Mostly broken watermarking behaviour #2112

stefan6419846 · 2023-08-24T11:27:43Z

I am trying to add a watermark to a PDF file based on the official docs, which seems to create issues with different PDF viewers.

By default, the watermark is upside down and shifted somehow. Introducing page.transfer_rotation_to_content() (which is currently hidden away in the API docs of the PageObject) will fix this issue.

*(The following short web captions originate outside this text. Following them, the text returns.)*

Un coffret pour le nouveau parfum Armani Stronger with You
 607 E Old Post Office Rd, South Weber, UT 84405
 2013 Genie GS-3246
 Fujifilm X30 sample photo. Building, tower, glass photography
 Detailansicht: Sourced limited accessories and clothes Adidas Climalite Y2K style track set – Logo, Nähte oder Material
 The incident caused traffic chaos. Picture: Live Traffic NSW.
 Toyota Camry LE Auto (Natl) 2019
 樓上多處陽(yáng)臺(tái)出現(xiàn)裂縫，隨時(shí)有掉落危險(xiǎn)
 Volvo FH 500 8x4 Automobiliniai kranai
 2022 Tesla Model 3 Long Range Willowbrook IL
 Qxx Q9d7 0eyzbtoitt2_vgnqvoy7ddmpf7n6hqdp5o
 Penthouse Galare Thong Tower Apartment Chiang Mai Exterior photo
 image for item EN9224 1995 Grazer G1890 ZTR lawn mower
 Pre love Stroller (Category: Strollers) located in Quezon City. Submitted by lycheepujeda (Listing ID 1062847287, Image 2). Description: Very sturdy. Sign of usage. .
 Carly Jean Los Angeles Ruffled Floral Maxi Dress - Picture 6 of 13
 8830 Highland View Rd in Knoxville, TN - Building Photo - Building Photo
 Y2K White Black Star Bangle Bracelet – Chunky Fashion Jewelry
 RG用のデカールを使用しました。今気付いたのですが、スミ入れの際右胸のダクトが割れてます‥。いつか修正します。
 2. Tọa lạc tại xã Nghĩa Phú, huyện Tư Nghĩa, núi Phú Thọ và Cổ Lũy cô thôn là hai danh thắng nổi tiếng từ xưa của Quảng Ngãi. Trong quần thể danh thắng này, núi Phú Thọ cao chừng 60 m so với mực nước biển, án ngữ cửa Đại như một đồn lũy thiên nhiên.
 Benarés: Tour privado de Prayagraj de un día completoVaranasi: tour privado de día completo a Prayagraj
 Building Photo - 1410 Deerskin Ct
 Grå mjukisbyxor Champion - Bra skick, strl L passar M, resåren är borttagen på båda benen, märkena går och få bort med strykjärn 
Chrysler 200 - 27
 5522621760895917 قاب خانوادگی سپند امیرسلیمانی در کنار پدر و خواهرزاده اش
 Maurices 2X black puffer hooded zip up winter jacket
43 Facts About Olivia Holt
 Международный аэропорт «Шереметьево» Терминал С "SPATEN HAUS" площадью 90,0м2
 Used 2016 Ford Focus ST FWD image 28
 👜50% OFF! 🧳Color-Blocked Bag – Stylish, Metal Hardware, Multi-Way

Nevertheless, it seems like there is some additional stuff going wrong as well, as only the Firefox browser (and plain pdf.js, the PDF viewer implementation used by Firefox) are able to view the watermark, while during my tests, Chromium, Evince, Edge, MuPDF and Adobe Acrobat only show a blank page (or the non-watermarked version if the input file would not have had a blank page).

Environment

Which environment were you using when you encountered the problem?

$ python -m platform
Linux-5.14.21-150400.24.81-default-x86_64-with-glibc2.31

$ python -c "import pypdf;print(pypdf.__version__)"
3.15.2

Code + PDF

This is a minimal, complete example that shows the issue:

from pypdf import PdfReader, PdfWriter


watermark = PdfReader('watermark.pdf').pages[0]
pdf_file = PdfWriter(clone_from='out1.pdf')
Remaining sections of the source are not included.